§ **EXTRACTED MATERIAL**
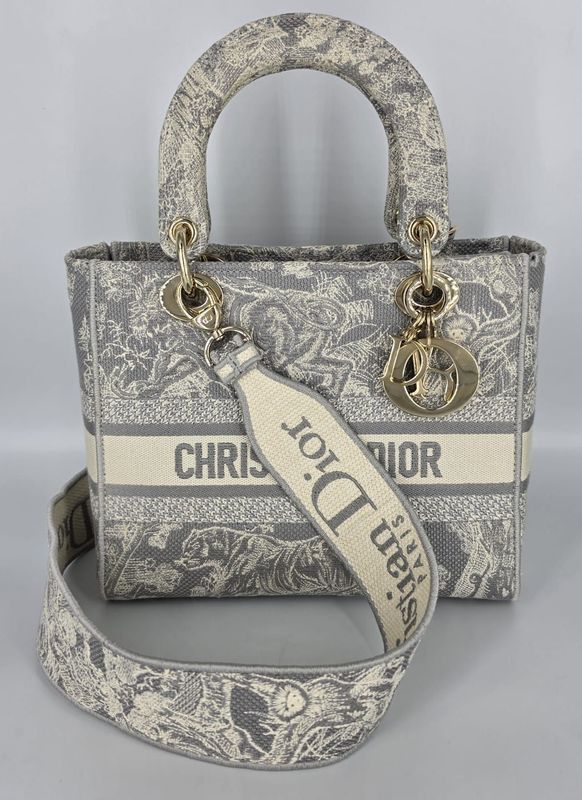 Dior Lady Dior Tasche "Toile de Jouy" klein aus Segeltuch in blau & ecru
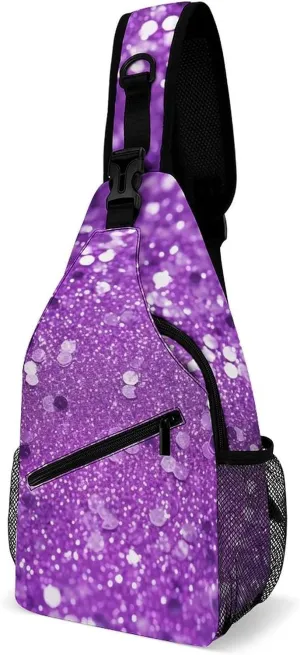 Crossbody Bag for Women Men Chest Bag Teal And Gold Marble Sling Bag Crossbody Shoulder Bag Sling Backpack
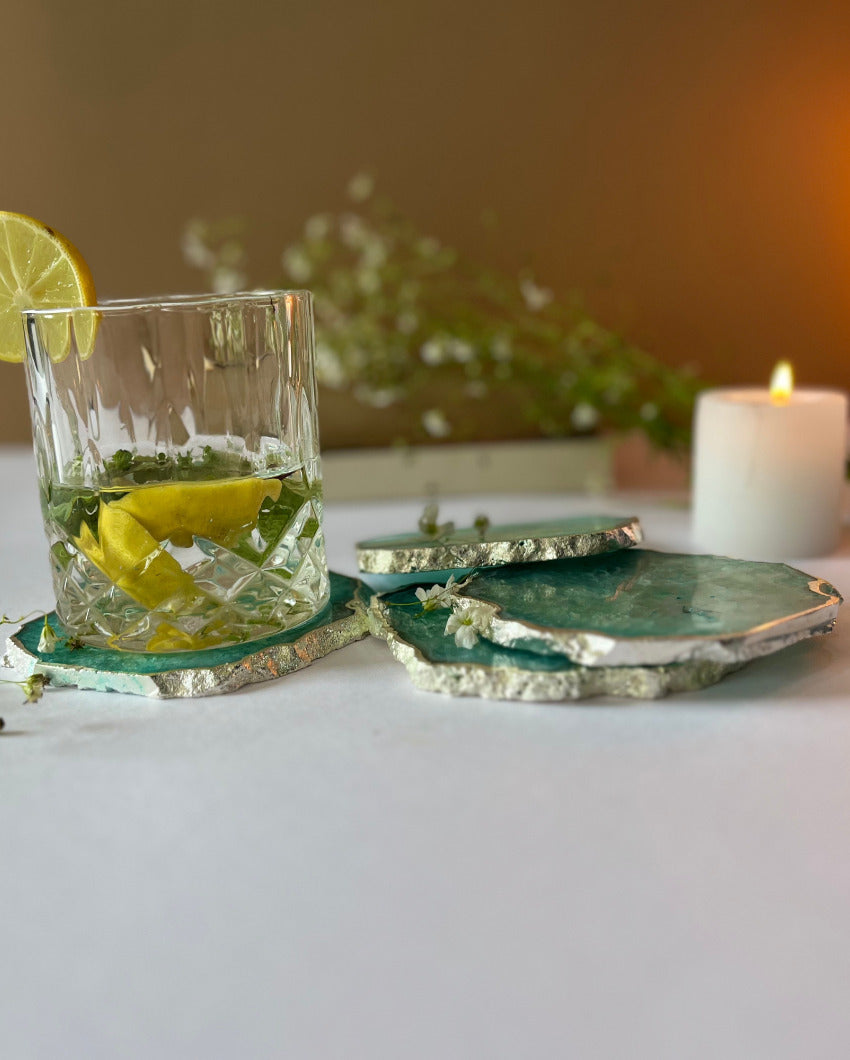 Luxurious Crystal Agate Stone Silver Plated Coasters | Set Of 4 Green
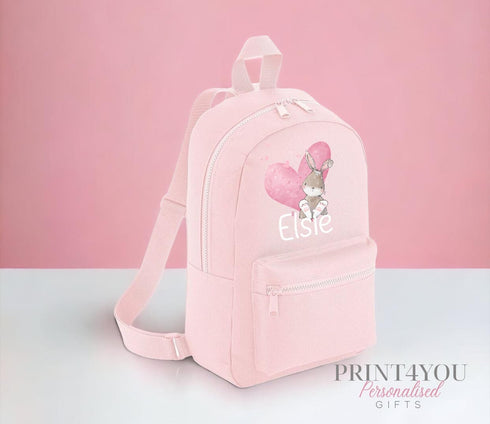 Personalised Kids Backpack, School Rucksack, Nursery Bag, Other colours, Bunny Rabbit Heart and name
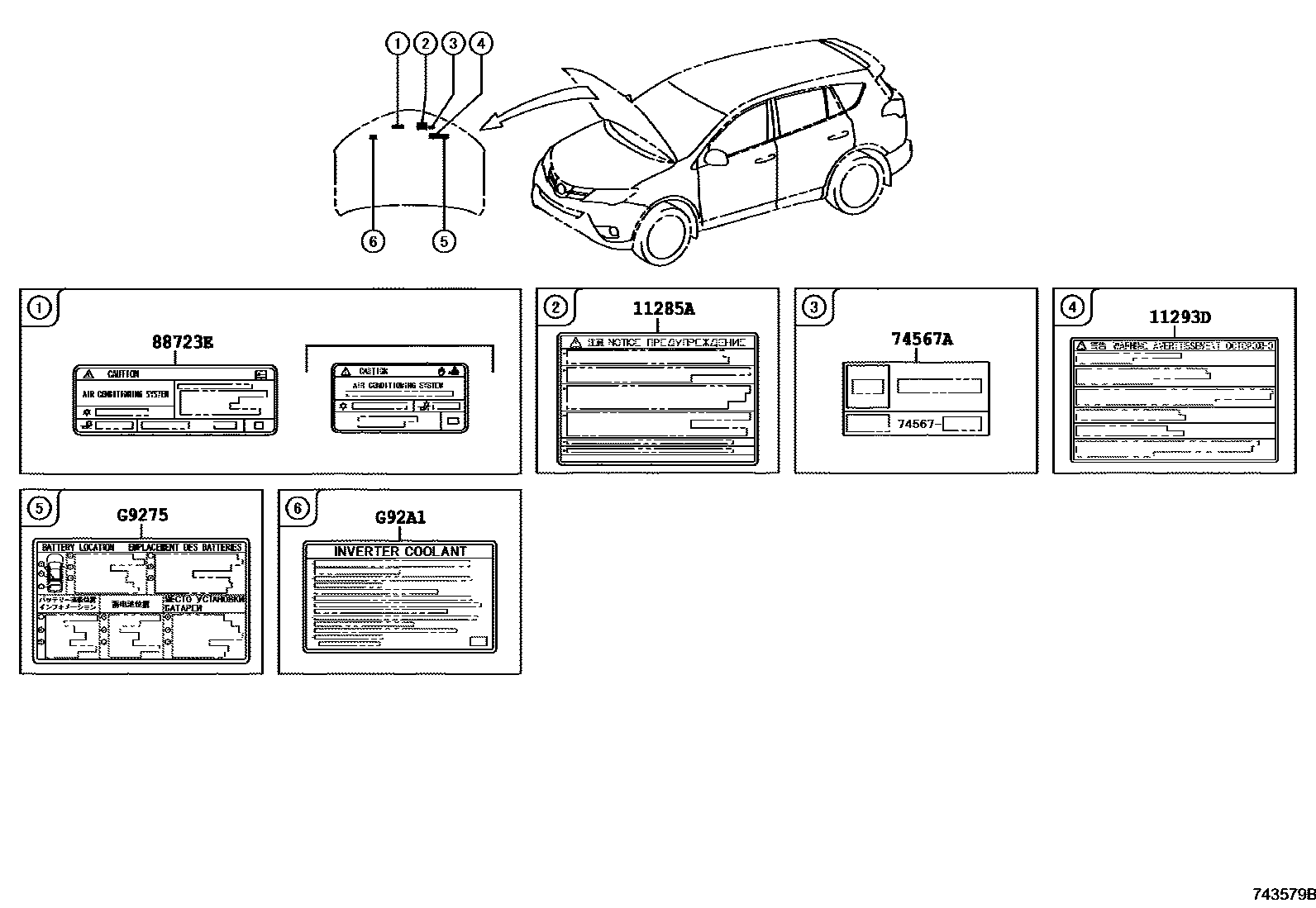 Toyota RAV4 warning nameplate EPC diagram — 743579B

* * *

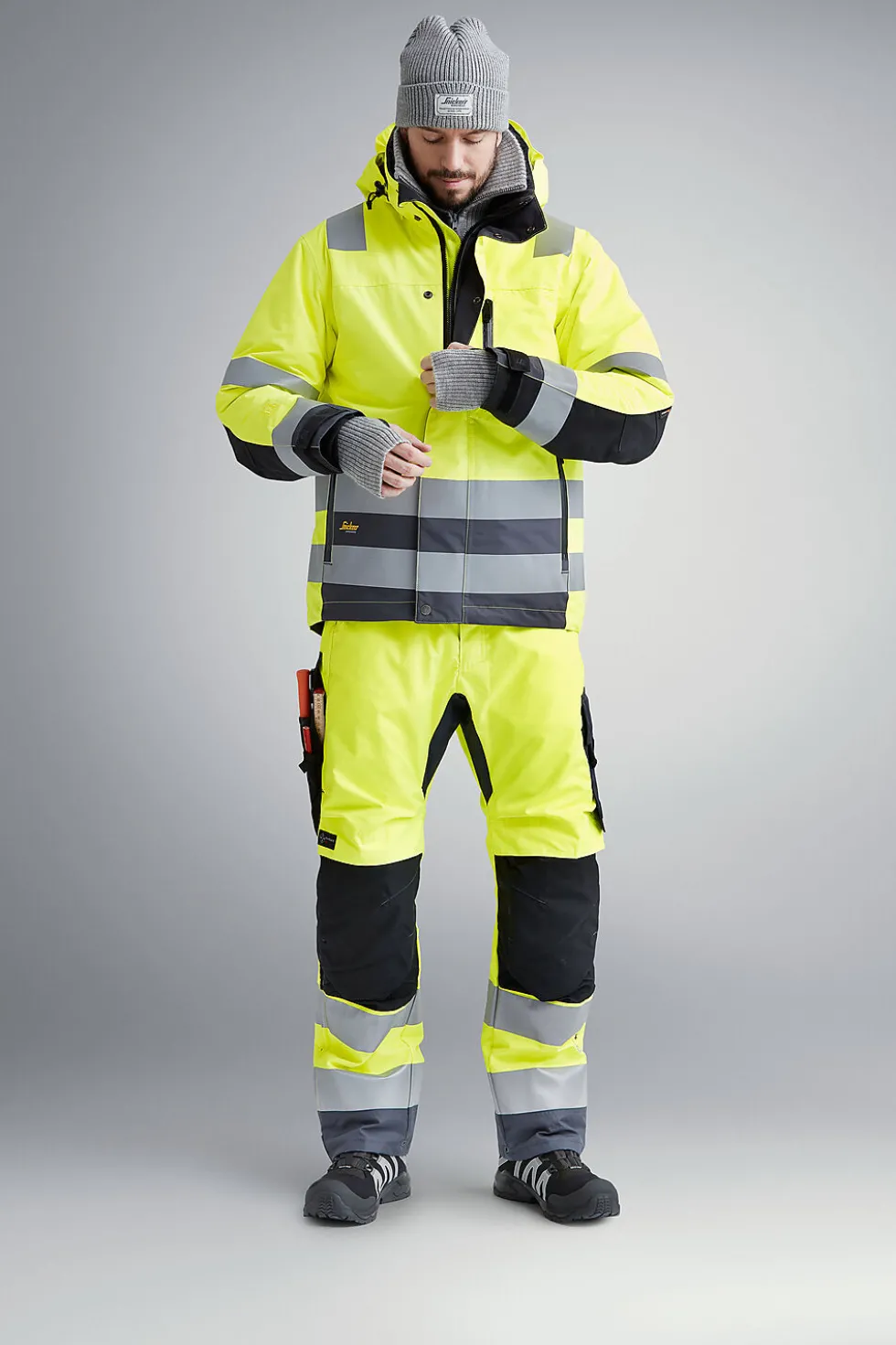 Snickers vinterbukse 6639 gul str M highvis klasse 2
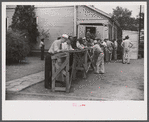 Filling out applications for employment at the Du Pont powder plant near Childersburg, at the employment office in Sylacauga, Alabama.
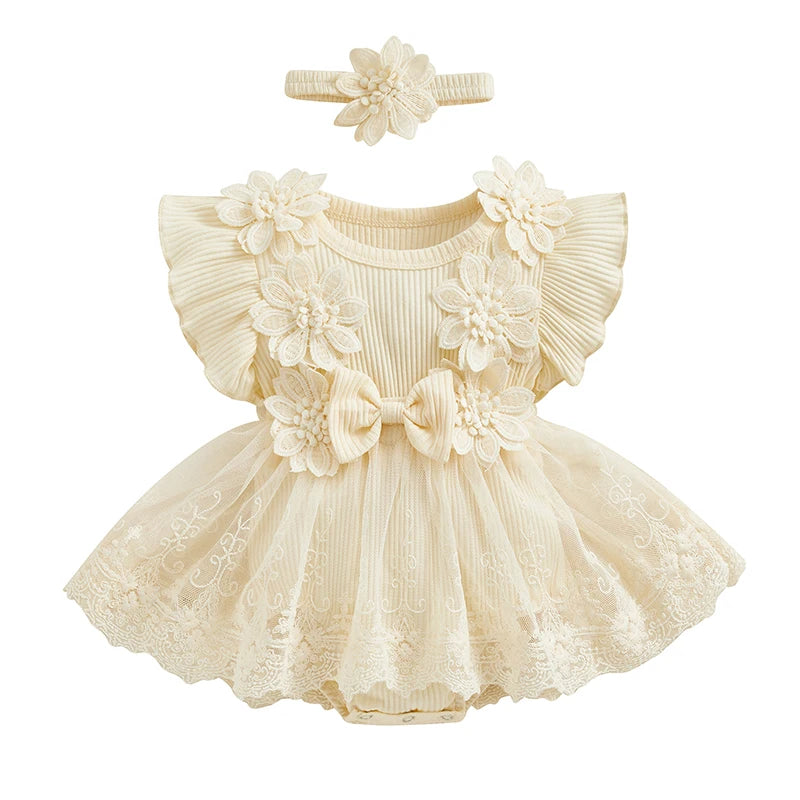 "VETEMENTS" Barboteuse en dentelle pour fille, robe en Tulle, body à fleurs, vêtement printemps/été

§ **WHAT TO PRODUCE**
Above are some records. Reproduce the lines from the one with "Filling out applications" down to the one with "fleurs, vêtement printemps/été", keeping both, and leave every picture out.

§ **ANSWER FOR THE TASK**
 Filling out applications for employment at the Du Pont powder plant near Childersburg, at the employment office in Sylacauga, Alabama.
 "VETEMENTS" Barboteuse en dentelle pour fille, robe en Tulle, body à fleurs, vêtement printemps/été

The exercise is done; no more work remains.